#### What you are asked to do
Restrict the output to the lines below starting at the one that contains "Schneider Electric VBF5 Pääkytkin 125 A" and ending at the one that contains "1967 Plymouth Fury III for Sale $22,995", and restate them word for word, both ends included.

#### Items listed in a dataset
==========

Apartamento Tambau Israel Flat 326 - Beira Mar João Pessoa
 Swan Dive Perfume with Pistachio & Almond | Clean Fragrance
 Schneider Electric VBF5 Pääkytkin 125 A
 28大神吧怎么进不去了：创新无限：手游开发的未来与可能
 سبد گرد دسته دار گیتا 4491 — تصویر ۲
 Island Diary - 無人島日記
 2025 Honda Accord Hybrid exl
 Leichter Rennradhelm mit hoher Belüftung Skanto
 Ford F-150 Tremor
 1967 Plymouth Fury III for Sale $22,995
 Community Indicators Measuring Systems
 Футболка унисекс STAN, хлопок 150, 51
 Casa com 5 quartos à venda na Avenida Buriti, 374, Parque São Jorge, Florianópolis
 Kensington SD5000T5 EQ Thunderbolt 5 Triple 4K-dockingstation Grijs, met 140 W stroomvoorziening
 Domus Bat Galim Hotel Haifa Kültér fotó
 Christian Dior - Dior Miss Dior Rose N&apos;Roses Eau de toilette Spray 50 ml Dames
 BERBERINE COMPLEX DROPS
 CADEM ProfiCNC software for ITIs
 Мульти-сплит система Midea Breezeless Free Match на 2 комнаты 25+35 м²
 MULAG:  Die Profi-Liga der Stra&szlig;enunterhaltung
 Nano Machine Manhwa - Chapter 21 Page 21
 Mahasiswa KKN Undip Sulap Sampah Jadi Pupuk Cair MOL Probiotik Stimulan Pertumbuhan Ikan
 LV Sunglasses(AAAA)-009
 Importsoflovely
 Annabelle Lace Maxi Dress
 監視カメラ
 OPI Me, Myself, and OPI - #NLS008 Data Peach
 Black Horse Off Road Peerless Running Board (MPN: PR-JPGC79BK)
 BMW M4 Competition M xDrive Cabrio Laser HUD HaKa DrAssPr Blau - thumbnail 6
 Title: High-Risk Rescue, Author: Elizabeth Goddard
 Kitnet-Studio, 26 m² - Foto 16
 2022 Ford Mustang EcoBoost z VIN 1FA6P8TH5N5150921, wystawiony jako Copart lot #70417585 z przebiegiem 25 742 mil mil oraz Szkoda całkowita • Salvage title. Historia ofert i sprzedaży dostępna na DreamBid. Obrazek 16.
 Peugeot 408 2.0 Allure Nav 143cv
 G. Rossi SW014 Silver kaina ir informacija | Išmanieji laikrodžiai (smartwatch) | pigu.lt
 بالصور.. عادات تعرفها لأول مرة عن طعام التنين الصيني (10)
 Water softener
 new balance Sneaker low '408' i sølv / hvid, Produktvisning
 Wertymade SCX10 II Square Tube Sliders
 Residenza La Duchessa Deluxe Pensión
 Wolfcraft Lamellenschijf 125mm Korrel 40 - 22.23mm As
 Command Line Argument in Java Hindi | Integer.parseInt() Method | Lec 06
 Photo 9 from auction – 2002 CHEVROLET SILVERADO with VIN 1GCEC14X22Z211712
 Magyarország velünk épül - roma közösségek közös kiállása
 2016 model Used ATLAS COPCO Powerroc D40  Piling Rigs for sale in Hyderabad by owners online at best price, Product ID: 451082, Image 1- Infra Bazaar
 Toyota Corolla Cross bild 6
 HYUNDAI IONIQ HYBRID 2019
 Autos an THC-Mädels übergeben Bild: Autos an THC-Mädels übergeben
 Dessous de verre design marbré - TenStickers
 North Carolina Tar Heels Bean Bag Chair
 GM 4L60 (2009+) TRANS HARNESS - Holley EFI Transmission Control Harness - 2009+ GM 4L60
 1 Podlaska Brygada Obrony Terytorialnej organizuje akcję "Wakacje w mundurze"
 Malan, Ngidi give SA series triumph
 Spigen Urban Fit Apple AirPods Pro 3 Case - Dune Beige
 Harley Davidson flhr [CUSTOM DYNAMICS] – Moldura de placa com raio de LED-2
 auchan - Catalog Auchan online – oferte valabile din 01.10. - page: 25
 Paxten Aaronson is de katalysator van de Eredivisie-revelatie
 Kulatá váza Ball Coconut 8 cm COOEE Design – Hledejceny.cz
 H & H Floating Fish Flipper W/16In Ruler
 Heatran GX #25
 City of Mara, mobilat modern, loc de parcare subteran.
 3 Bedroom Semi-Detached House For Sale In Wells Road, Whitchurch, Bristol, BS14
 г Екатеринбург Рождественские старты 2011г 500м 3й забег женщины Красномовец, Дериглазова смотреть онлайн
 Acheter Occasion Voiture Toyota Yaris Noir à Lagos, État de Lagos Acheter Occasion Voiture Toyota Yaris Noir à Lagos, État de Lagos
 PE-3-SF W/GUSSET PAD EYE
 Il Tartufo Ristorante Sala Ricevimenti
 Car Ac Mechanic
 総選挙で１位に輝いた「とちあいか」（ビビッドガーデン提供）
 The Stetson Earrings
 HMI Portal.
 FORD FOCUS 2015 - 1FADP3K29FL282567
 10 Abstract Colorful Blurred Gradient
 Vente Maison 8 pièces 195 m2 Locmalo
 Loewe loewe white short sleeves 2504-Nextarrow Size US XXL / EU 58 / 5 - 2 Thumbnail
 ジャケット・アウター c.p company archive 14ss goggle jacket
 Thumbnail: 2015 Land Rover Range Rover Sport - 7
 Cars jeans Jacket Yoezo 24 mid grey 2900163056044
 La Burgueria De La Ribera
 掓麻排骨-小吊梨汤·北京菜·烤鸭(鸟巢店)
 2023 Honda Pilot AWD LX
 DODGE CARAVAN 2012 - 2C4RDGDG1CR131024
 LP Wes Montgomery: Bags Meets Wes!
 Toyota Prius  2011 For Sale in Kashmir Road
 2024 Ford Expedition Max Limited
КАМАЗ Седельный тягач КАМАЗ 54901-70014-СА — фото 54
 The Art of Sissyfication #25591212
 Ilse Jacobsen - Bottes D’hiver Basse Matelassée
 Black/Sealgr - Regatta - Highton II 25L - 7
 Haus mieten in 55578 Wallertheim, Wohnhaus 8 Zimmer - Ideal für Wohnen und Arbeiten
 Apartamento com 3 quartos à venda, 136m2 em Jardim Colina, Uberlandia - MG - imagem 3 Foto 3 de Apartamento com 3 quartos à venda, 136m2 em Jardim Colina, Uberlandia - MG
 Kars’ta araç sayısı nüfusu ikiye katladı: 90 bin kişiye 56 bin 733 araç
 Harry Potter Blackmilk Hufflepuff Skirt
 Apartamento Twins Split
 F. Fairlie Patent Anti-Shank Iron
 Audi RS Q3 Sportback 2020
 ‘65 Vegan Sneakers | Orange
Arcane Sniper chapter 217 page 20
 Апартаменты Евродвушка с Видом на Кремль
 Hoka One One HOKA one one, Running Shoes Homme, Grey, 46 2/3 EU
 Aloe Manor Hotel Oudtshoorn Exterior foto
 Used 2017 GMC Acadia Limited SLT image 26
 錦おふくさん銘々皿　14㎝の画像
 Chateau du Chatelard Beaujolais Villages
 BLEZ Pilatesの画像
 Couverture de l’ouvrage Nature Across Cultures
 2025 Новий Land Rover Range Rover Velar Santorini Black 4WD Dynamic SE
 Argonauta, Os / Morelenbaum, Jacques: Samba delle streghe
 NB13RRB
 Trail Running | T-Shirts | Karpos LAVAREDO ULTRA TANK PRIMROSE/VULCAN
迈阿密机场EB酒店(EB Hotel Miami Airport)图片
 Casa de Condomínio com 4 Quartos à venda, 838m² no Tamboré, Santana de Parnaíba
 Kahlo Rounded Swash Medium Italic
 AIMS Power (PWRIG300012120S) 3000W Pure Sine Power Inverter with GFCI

==========

#### Expected answer
 Schneider Electric VBF5 Pääkytkin 125 A
 28大神吧怎么进不去了：创新无限：手游开发的未来与可能
 سبد گرد دسته دار گیتا 4491 — تصویر ۲
 Island Diary - 無人島日記
 2025 Honda Accord Hybrid exl
 Leichter Rennradhelm mit hoher Belüftung Skanto
 Ford F-150 Tremor
 1967 Plymouth Fury III for Sale $22,995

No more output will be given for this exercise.